The best way we could describe the revelation we had is this way… Just as the all consuming and passionate need overtook us, five years ago, to sell all our accumulated “stuff” and head out for parts unknown as free spirits – now, we’re starting to feel the pull as the pendulum began its swing back. We became more aware of our need to reconnect with family, hometown friends and experience the good things about being landlocked. We wanted to spend more time with long time relationships and at the same time, we didn’t want to get burned out on boating. If the decision and action of leaving one life behind to experience another has taught us anything over the years it’s that we should always take time to listen to our hearts and those who we share our time with. Be open and ready to redefine the paths we want our lives to follow so that we can truly maximize the quality of our time spent on earth.
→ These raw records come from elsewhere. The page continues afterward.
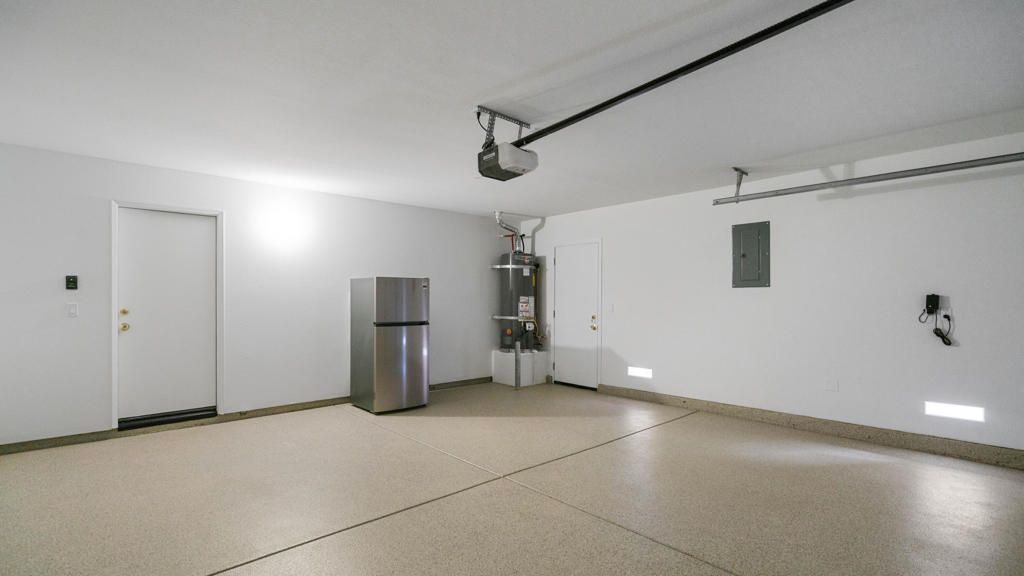 Image 20 of property listing at 48509 Calle Carmello, Coachella, CA 92236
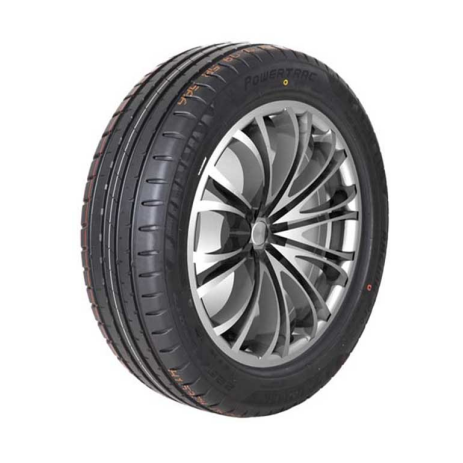 RACING PRO - фото 1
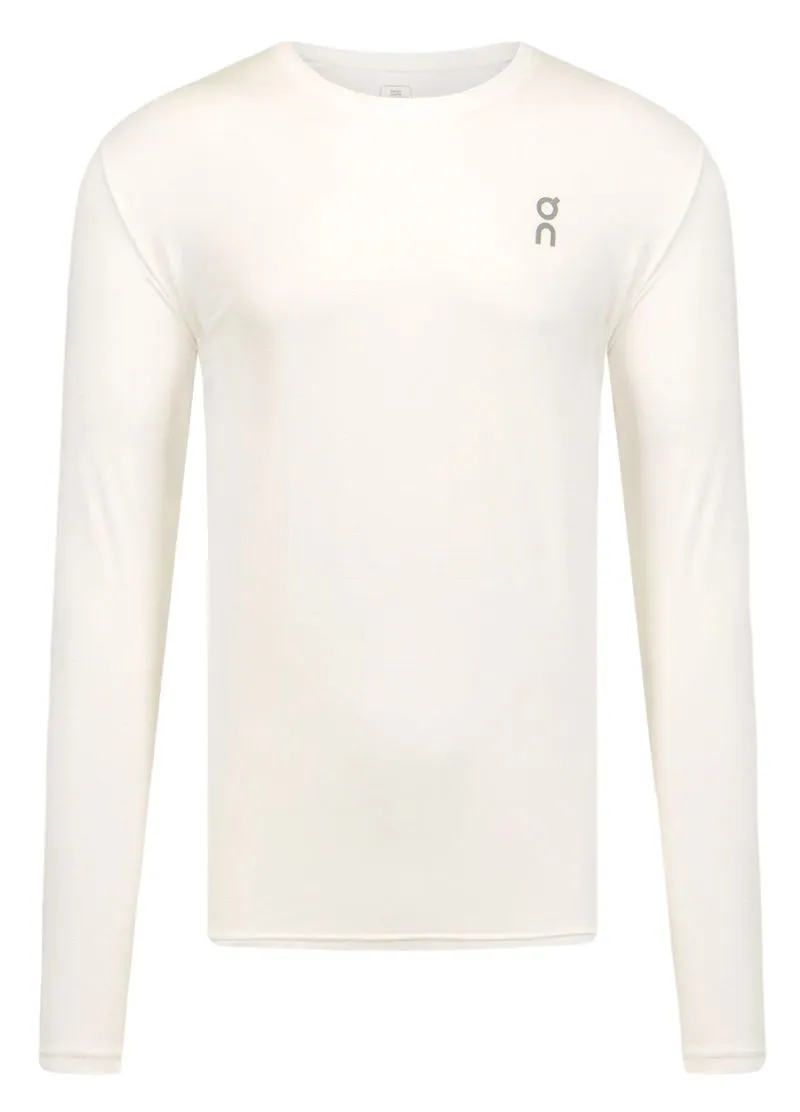 ON Core Long T-Shirt ON Core Long T-Shirt
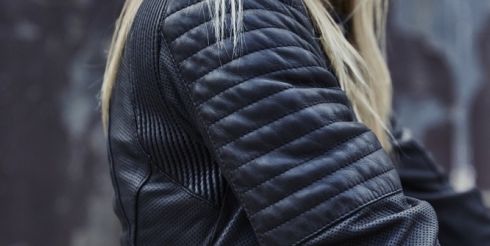 Где купить мотоэкипировку и как сделать правильный выбор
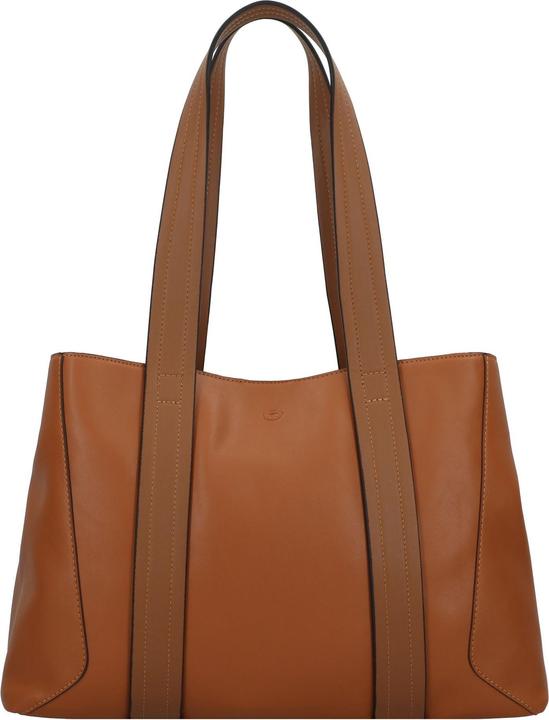 Tom Tailor Manola Schultertasche L 38 cm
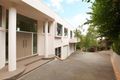 Property photo of 11 Frankland Street Launceston TAS 7250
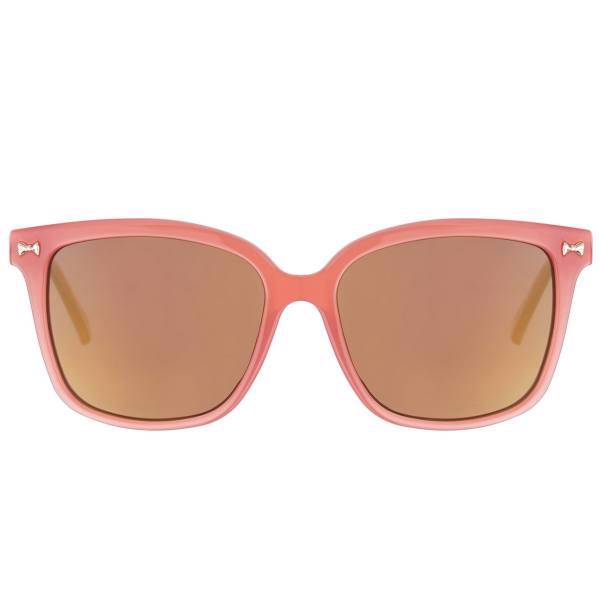 عینک آفتابی تد بیکر مدل TB143935655، Ted Baker TB143935655 Sunglasses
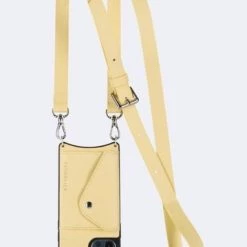 Bandolier Street Style Plain IPhone 8 IPhone 8 Plus IPhone X IPhone XS For Women Mauve/silver X Iphone 12/12 Pro 33 Bandolier Street Style Plain IPhone 8 IPhone 8 Plus IPhone X IPhone XS For Women Mauve/silver X Iphone 12/12 Pro -Bandolier Online Shop org 5138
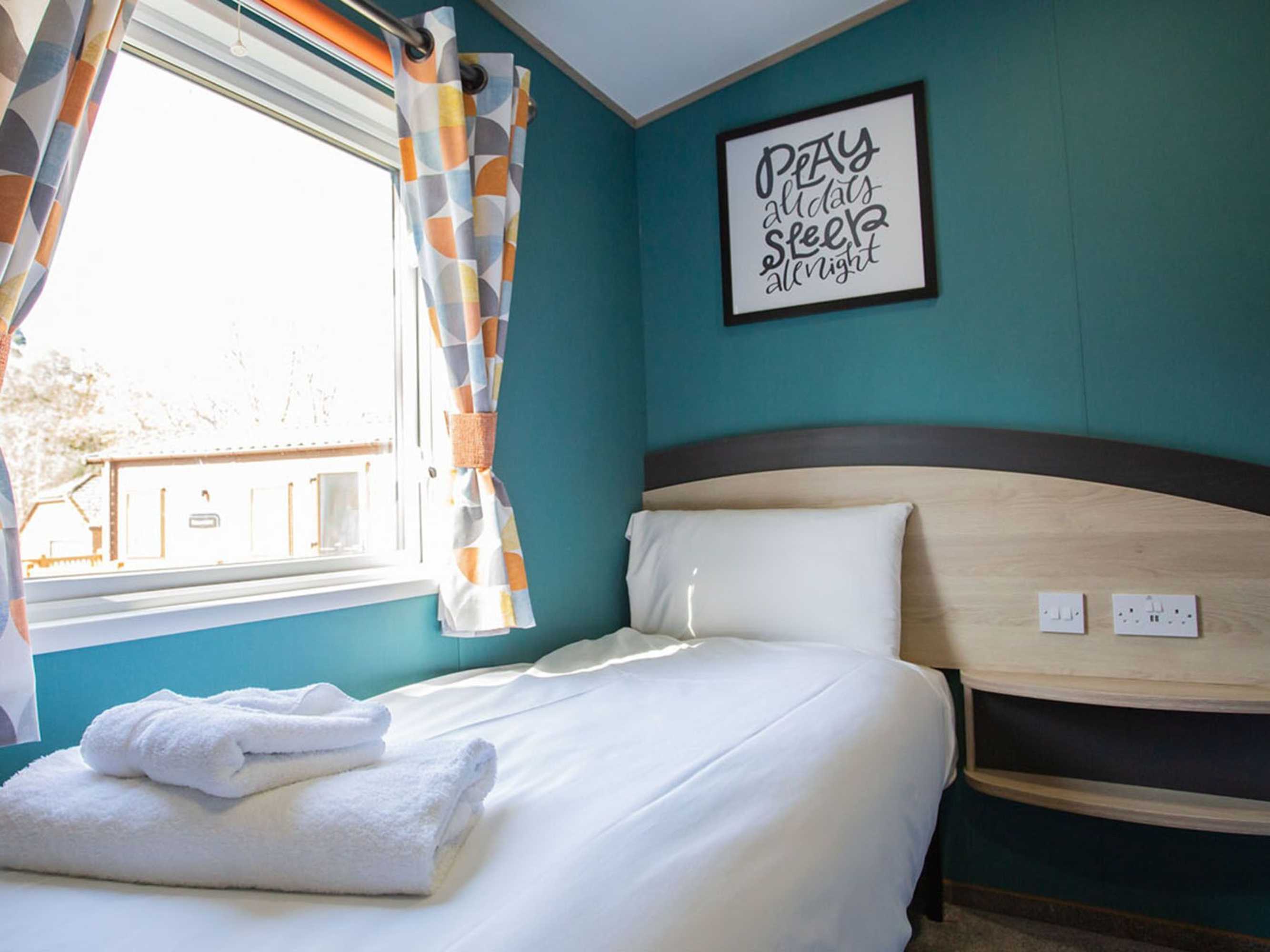 Gift card for Cleethorpes Pearl Holiday Park Gift card for Cleethorpes Pearl Holiday Park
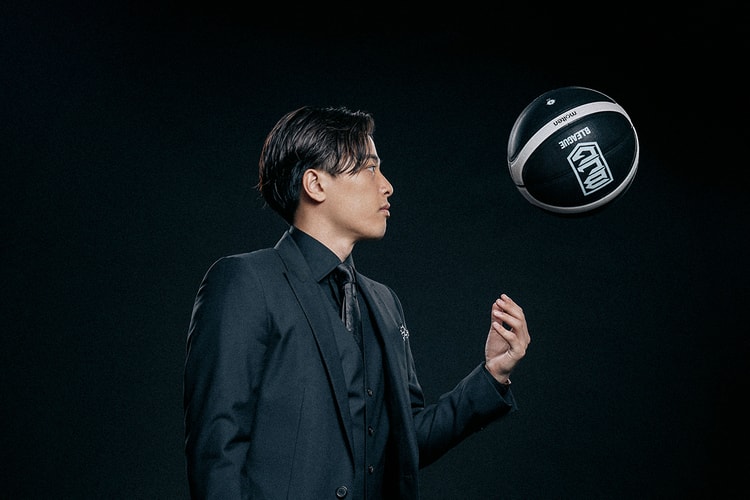 富樫勇樹「やり切ったという気持ちが強かった」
One of our new mottos is, “if you’re stuck – unstick yourself.” This really says it all. Life is sticky; don’t get caught getting stuck in one “spot” forever. Change is good; it means you’re growing your potential.

When we embarked on our first Great Loop in 2005 we never, EVER could have fathomed that we were to become full-time liveaboards and certainly not for five whole years. We didn’t start with this as an objective, it just kind of fell into place as we fell in love with the nomadic lifestyle of full-time cruising. So, after five years of cruising the waters from Washington States’ Puget Sound and San Jan Islands, the Bahamas, Canada’s Trent-Severn Waterway and North Channel, along with many of America’s east coast rivers, bays, sounds and bayous we decided to sell our two-year old liveaboard trawler, the Fathom 40. We haven’t completely lost our sense of adventure though; as a matter of fact, we think life will become even more rewarding with our new plan!

We decided to buy a house in our hometown of Traverse City, Michigan and downsize to a smaller, trailerable trawler. What we hope does not change is our passion to explore the unfamiliar. We think we’ll gain more flexibility – this means we can leave our home in Northern Michigan, trailer our boat south in the fall and be cruising on the Tennessee River in a matter of two days. If we wanted, we could then follow the sun farther south and head to Florida’s St. Johns River. Many new summer trips could include the Chesapeake Bay, Erie Canal, Canada’s North Channel, Trent-Severn Waterway, or Rideau Canal. Once we get on a role, we’d like to branch out and explore area’s that are harder to reach with a big boat sitting on the east coast, for instance: Lake Powell, the Pacific Northwest’s Inside Passage, Columbia River, Lake Yellowstone, or Washington’s San Juan Islands. Not to mention that during most of the summer months we could further explore areas close to home by just dropping the boat in for a long weekend, a week or more.

As we look back at our early boating days on our small runabout, we would never have imagined we’d become full-time cruisers, it just kind of happened. Likewise the epiphany we had recently to move back to land for part of the year with our new plan to explore parts unknown in a trailerable trawler for the balance of the year just happened out of the blue – but only after we had five glorious years living full-time on our boat, Kismet.

2010 was a very busy year for us! We purchased a home, moved five years of our life off the Fathom 40 into our new home and sold the Fathom – all before the end of the year. With two of the three elements in place, we’ll now turn our focus towards researching and finally purchasing a suitable trailerable trawler so we can start to experience the “upside” of “downsizing.”

See more on this topic at BoatU.S. Cruising Logs:

This Post Has 2 Comments
  1. We’re in our third year of trailer boating in the Puget Sound area in our 24 foot Sea Ray. Thank you sharing your heart & for all the keen and refreshing ideas!

    1. Suzanne, thanks for the note. We love to share our adventures and glad to know people are reading. Sounds like we are kindred spirits. Maybe we’ll bump into each other someday. Happy Holidays!